From the records below, copy each line that has the word "cover" in it.
━━━━━━━━━━━━━━━━━━━━
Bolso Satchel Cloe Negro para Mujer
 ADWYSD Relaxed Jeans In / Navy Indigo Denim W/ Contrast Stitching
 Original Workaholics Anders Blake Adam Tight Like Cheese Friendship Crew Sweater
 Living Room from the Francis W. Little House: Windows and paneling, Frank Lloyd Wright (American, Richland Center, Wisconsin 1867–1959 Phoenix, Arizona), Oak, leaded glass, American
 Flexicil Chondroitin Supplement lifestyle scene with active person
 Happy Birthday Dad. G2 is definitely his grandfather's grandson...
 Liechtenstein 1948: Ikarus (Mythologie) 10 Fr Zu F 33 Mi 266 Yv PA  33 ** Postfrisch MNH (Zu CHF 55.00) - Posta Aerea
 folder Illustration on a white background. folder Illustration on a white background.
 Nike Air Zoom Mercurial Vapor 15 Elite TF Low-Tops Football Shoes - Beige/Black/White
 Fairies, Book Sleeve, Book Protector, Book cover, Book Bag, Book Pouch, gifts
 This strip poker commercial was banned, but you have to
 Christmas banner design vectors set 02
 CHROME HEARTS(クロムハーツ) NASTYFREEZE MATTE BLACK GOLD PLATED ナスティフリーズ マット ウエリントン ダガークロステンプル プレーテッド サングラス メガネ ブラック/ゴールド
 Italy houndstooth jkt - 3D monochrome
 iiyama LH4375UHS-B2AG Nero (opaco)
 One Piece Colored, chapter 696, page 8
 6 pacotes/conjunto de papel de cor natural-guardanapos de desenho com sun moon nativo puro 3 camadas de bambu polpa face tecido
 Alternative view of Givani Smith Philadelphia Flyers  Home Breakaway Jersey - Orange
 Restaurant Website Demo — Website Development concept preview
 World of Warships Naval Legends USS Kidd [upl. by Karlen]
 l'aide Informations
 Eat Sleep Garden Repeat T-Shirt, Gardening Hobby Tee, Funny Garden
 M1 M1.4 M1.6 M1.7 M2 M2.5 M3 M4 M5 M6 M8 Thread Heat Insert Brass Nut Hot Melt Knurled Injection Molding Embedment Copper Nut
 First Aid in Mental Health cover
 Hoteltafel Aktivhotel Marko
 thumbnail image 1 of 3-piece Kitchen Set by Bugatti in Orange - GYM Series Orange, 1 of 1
━━━━━━━━━━━━━━━━━━━━
■ TASK RESPONSE:
 Fairies, Book Sleeve, Book Protector, Book cover, Book Bag, Book Pouch, gifts
 First Aid in Mental Health cover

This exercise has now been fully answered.